MILAN, Sept 30 (Reuters) - Asian liquefied natural gas (LNG) gas prices rose this week on fresh Indian and ongoing South Korean demand as a forthcoming production outage in Australia was set to curb global supply.
Month-ahead prices for November delivery hit two-month highs of $6.10 per million British thermal units (mmBtu), up 35 cents from last week, helped by firming Brent crude oil after OPEC members agreed on output cuts.
Brent crude rallied 7 percent this week to $49 a barrel.
The Gladstone LNG export facility run by Australia’s Santos is to shut down one production line from early October to around Oct. 23, feeding into bullish sentiment on prices as supply tightened.
Both production units at Cheniere Energy’s Sabine Pass plant in the U.S. are already offline owing to maintenance that is not due to finish for about three more weeks.

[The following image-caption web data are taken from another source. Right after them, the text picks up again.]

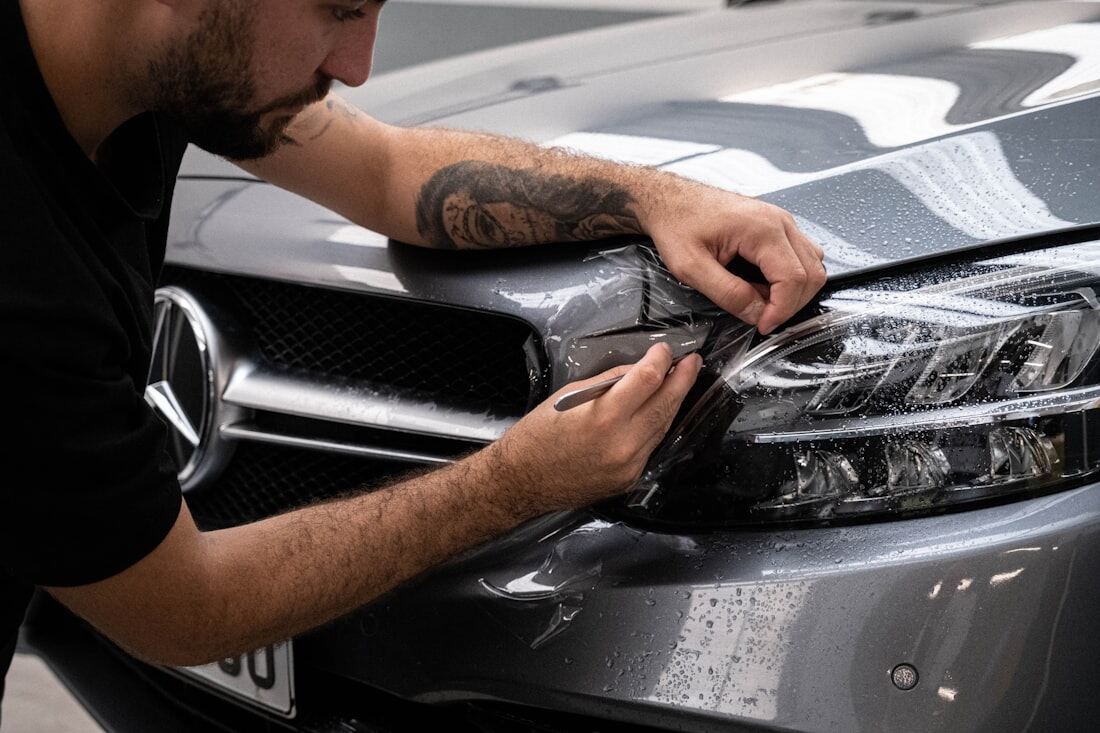 A detailer working along the headlight and front trim of a dark car.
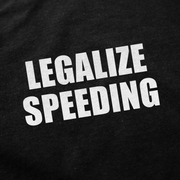 The Legalize Speeding T-Shirt is made from ethically grown black cotton and features bold white LEGALIZE SPEEDING text.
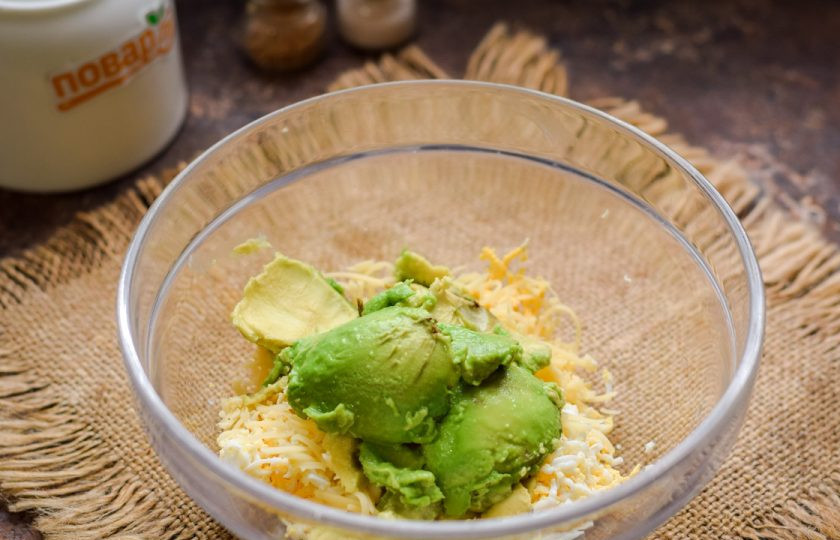 1. Этап. Авокадо фаршированное креветками: Авокадо разрежьте, извлеките мякоть плода и переложите в миску к яйцам и сыру.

India’s Bharat Petroleum is seeking one cargo for delivery in October, November and December, with peer Indian Oil Corporation looking for a single November shipment.
Previously traders had warned that price-sensitive Indian demand could be limited by rising prices, but rallying Brent crude may provide more headroom for those companies to keep spending on gas.
Importers in India tend to compare spot LNG prices against competing oil-derived fuels. Rising oil prices could keep demand alive for LNG, one trader said.
Angola LNG offered to sell its second post-shutdown cargo loading Oct. 4-6.
For winter, another trader expected prices to ease significantly.
“The market is offered up for November, but not so much for winter. Brent is pulling things up now and there’s a bit of buying in the Far East,” he said.
“But there is so much new LNG to come ... Angola is now back, the Middle East if offering cargoes to the Far East and Australia is ramping up. Unless you believe a cold winter is coming, I don’t see current conditions extending into winter.”
Korea Gas Corp, however, is arranging for extra shipments from long-standing Qatari supplier RasGas to replenish reserves and cater to extra demand as additional nuclear power stations are taken offline for maintenance.
In the wake of the country’s biggest earthquake, four nuclear reactors with combined capacity of 2,770 megawatts were taken offline as a precautionary measure.